Work task -> Verbatim copy without images: return all of the data as it stands.

BEGIN Information supplied

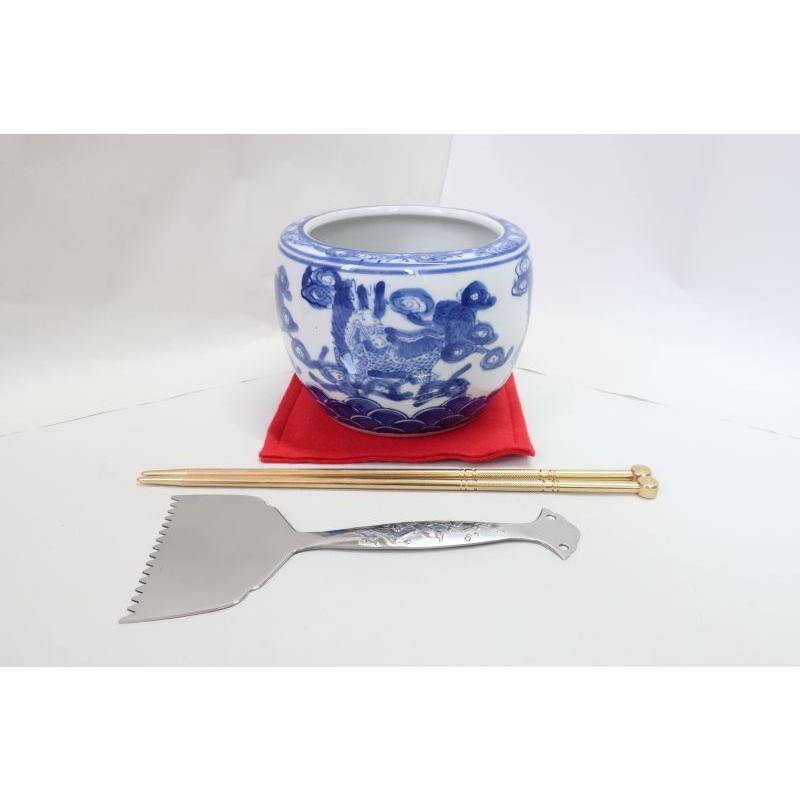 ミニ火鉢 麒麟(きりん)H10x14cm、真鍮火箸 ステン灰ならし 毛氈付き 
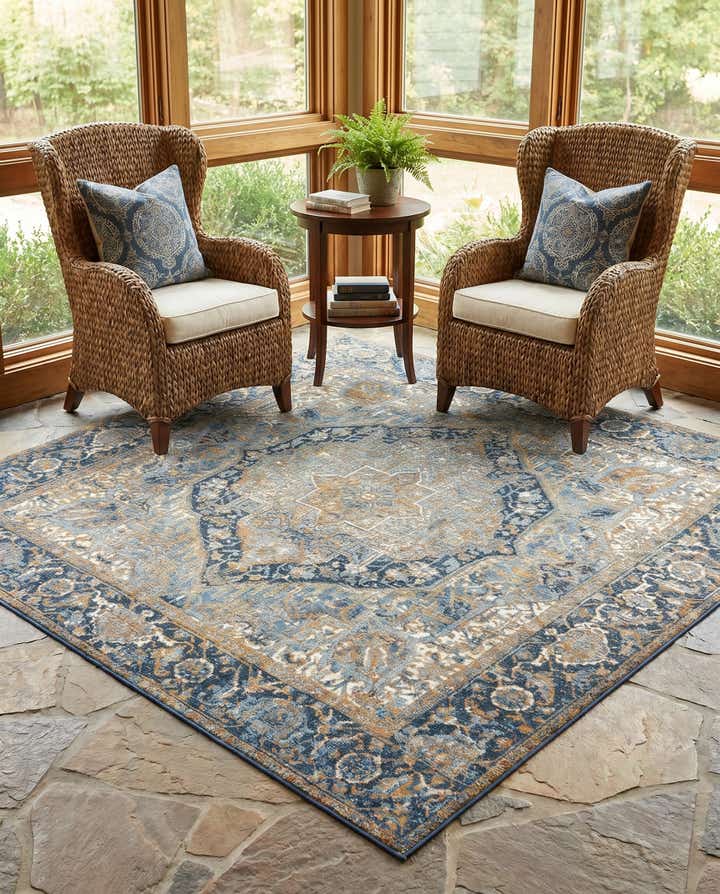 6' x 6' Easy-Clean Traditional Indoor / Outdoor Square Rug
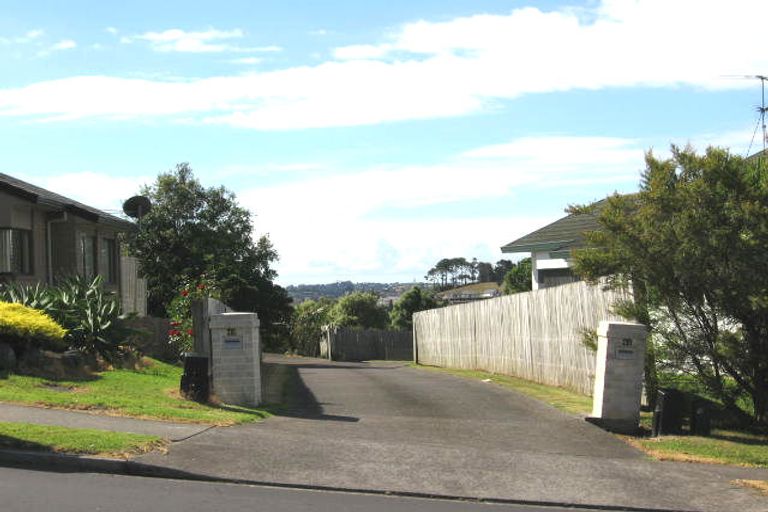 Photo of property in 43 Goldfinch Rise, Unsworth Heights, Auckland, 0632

END Information supplied

Exercise response ->
 ミニ火鉢 麒麟(きりん)H10x14cm、真鍮火箸 ステン灰ならし 毛氈付き 
 6' x 6' Easy-Clean Traditional Indoor / Outdoor Square Rug
 Photo of property in 43 Goldfinch Rise, Unsworth Heights, Auckland, 0632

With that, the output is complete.